Are you running into the familiar difficulties with Haskell data/record labelling that you want to use the same label name in many different record types? Do you want to use the same name for data constructors in different data types?

(This discourse triggered from a proposal around same-named data constructors.)

We’re all familiar with the challenge, so I’ll recap briefly:

  • Some fields you want to give generic labels such as id, name, status. Other modules might be doing the same. You can at least use module prefixing to resolve ambiguities, but that gets verbose. Or give longer labels studentName, facultyName – also verbose.
  • Some fields of different types within the same module you want to give exactly the same name because they denote exactly the same field. studentId on a course enrollment, studentId on a class attendance or exam result. Those data structures are defined in the same module, so module prefixing won’t help.
  • Prefix the data type name to the field label? That rapidly gets verbose and ugly.
  • Other languages use a dot suffix format Enrollment.studentId (where Enrollment is a type) or thisEnroll.studentId or this.studentId (where this is an object/variable). This also can get verbose, but your editor/IDE at least might recognise the dot format and give helpful prompts.
  • In Haskell those dot lexical formats are already used: for module prefixing; or . as function composition.
  • We’ve had DuplicateRecordFields for some time that at least doesn’t barf at the point of declaration. And DisambiguateRecordFields with increased sophistication at 9.2. OverLoadedRecordFields is about to land. (That’s an initial step, more work to come.)

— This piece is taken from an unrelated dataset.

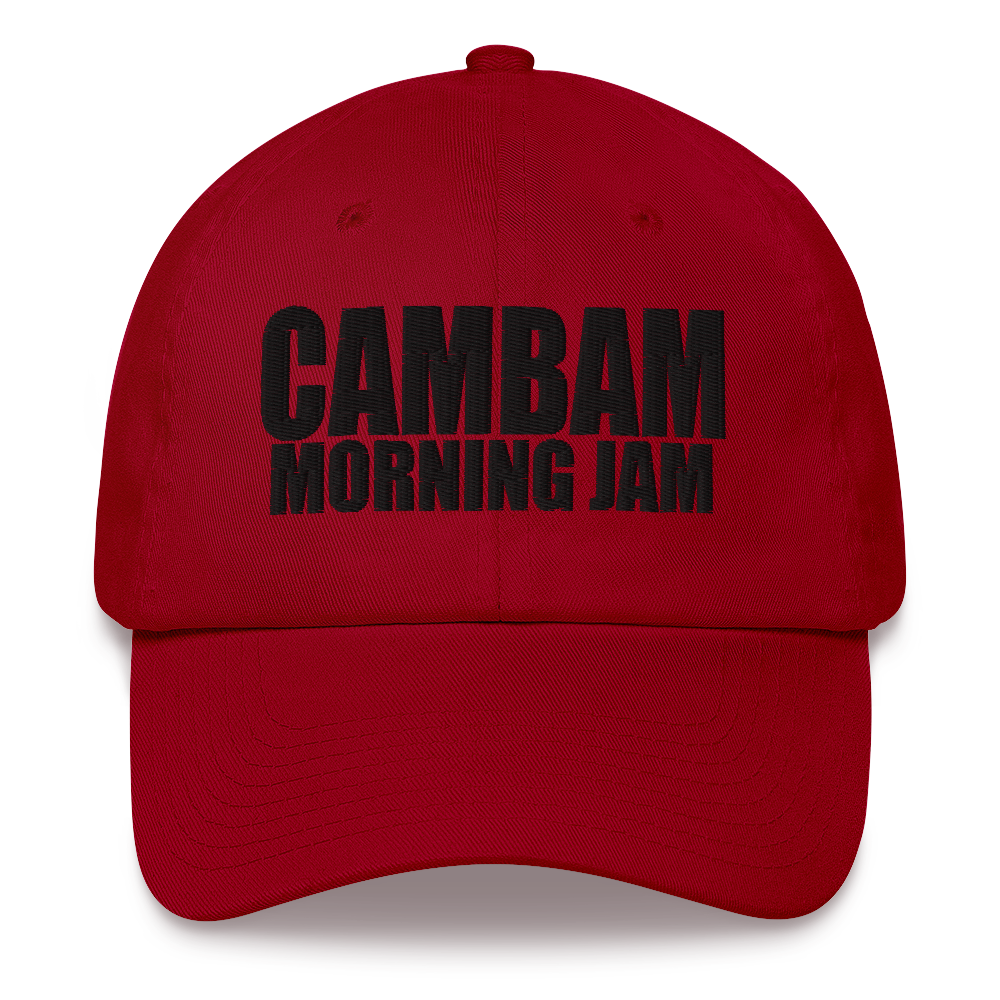 CAMBAM 2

There’s a similar (though perhaps less challenging) naming clash with data constructors:

  • Different modules by chance using the same tags for enumerations: Oct, Dec for months vs Oct, Dec for radixes. (Module prefixing should help here.)
  • Do you name your constructors same as the data type they’re binding? data Region = City City | State State | ... In H98 the constructors live in a different namespace to type names, but new swishy Haskell wants to collapse those namespaces, imports/exports aren’t so well aware, other developer tools don’t know about Haskell namespaces at all.

If you look back at the history, the H98 design for ADTs/records was always a stopgap. There was an alternative design already developed ~1996. There were many papers/proposals in the early 2000’s; so nobody was proud of it then. But no proposal ‘stuck’, so from ~2012, people started putting lipstick on the pig. There’s by now many layers of lipstick.

As I see it, the reason this is a long-standing mess in Haskell is lack of support for ‘Row types’. Row types don’t have ‘private’ labels/all labels are global; the label name alone doesn’t tell anything about the field’s type or the structure it’s a field within. From a Row type you produce either a Sum aka Variant or Product aka anonymous Record.

In nearly every other part of Haskell design, a proposal is not entertained unless it has a sound theoretical basis. (That’s why Overlapping Instances or FunDeps don’t get much love at GHC HQ.) For records/rows there are theoretically sound approaches; purescript for example never went near H98-style records; and already has a Variants module built on better-founded rows/records. But Haskell/GHC records stumble on with the lipstick.

So how do you cope with the naming clashes today?

1 Like

Seems to me already iffy: City is already a type; with DataKinds in play, constructor City also becomes a type (constructor).

Does your code do this? Are you planning never to use DataKinds?.

We use optics + OverloadedLabels, at work.

2 Likes

we mangle the fields like you suggest (eg sutdentId rather then id), or we use abriaveted type names, like sId or use module prefixes.
anonymous records would be fantastic.
You can kind off fake that with classy lenses, for example a HasId type class with a single function that says a type has an id accessor, but that’s incredibly verbose (and type errors become worse).